どんな事でも人がいないと続かない。ここの人たちだけでやるのは限界だと思いました。
その頃ちょうど南小国町で「日本で最も美しい村」の審査があって、地域の伝統文化の紹介ということで、神楽を舞ったり、郷土料理のふるまいをしたら、審査委員長はじめ、皆さんがえらく感動してくれました。
神楽自体は他の地域でも残っていると思いますが、この集落で代々伝わってきた“暮らし”そのものと、神楽という“文化”がセットで伝承されているということが評価に繋がりました。

― やはり、ここでも、第3者の目で評価されたことで、改めてその素晴らしさに気づくきっかけになったんですね。

その気持ちを地域の中でも外でもいろんな人たちに話していたら、共感してくれる人がいっぱい出てきて、その人たちがいろんな表現で更に広げていってくれました。

― 2015年には、なんと、ミラノ万博への遠征。また、都内クリエイターと地域住民によるプロジェクトが始動し、吉原神楽をモチーフにした映像作品”KUROKAWA WONDERLAND”の誕生など、一気に地域の外へ飛躍しましたね。
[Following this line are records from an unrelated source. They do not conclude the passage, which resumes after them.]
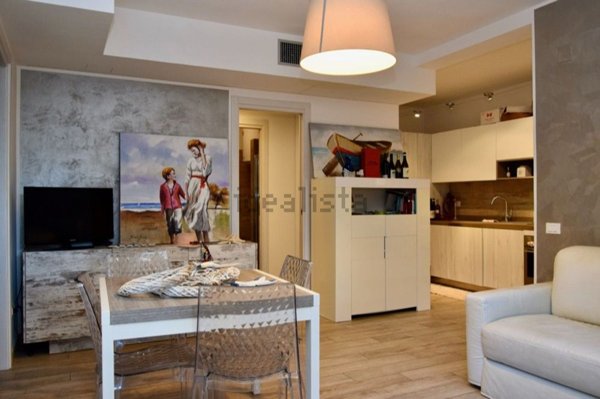 appartamento in vendita a San Vincenzo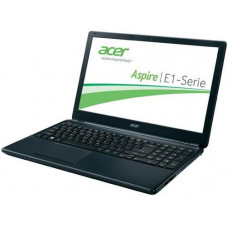Ноутбук Acer Aspire E1-530-21174G50Mnkk (NX.MEQEU.013); Black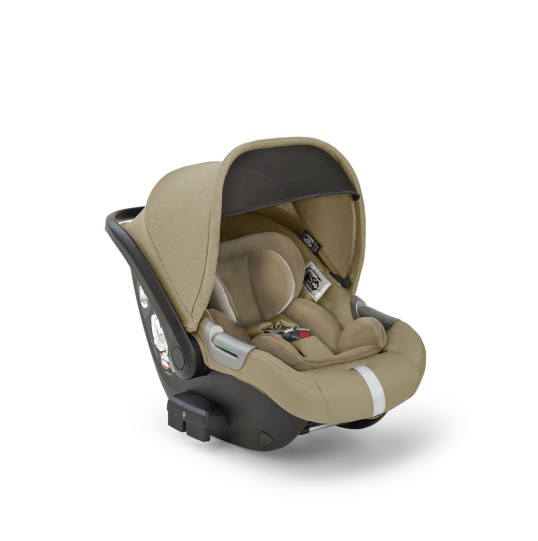 DARWIN INFANT DUMBO CARAMEL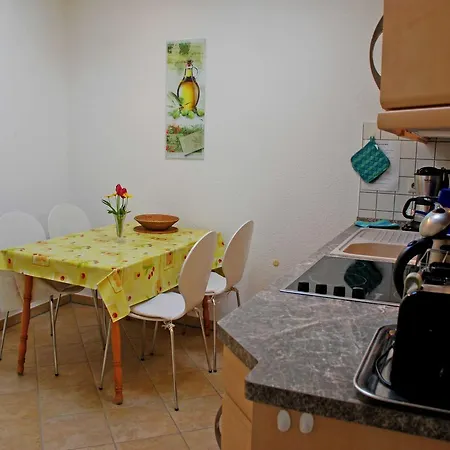 Ferienvilla Im Stil Der Bäderarchitektur Apartment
▼KUROKAWA WONDERLANDのH.Pはこちら。
https://kurokawawonderland.jp

(ミラノに行ったり、映像創ったりは)自分たちでしたいと思ってできることではない。
いろんな人たちに話して、共感してくれて、それぞれが発信していってくれたことによって、繋がりが出てきて、気付いたら話が進んでいました。
まわりの人たちが協力してくれたおかげで、結局、全てが自然と繋がっていった感じでした。
今でもその人たちには、感謝してもし尽くせません。

― 今では、メンバーの約半分が吉原地区外の人たちだとか。地区の方々の努力に加え、地区外の様々な人たちの協力によって”吉原神楽“が守られているんですね。
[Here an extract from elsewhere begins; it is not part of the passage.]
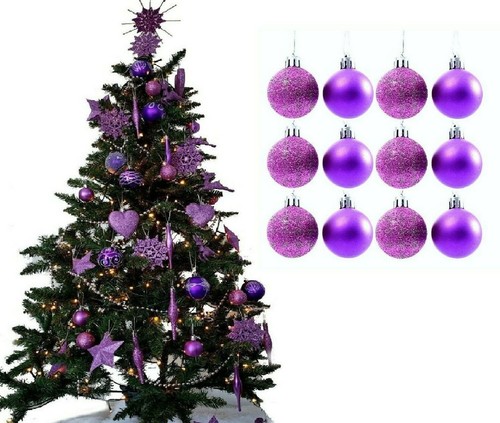 Xmas baubles christmas tree - xmas,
中の人たちもよその人たちも「伝統を守っていきたい」「やってみたい」という想いは一つ。
神楽だけでなく、祭りの準備や出店で協力してくれる人たち、見物に来てくれる人たち、それら全ての人たちが、みんな楽しみながらやってくれている。
“いい”と思ってくれる人たちがいて、自然と(文化の伝承が)続いていくこの形がすごくいいなって思います。

― おじいちゃんになるまでずっと続けたいですか?

やるのは嫌ではないけど、歳をとったら、神楽をやってる境内で、的屋でたこ焼きでも焼きながら、(後輩たちの演舞を見て)「あいつらまだまだやね」とか言いたいです。笑
別に無理して遺していかなければならないとは思っていなくて、中の人も外の人も、みんなが納得して同じ方向を向いて進んでいけるのが理想。
できるだけ、みんなが快く協力・参加してくれて、楽しんで取り組める体制がつくれるといいですね。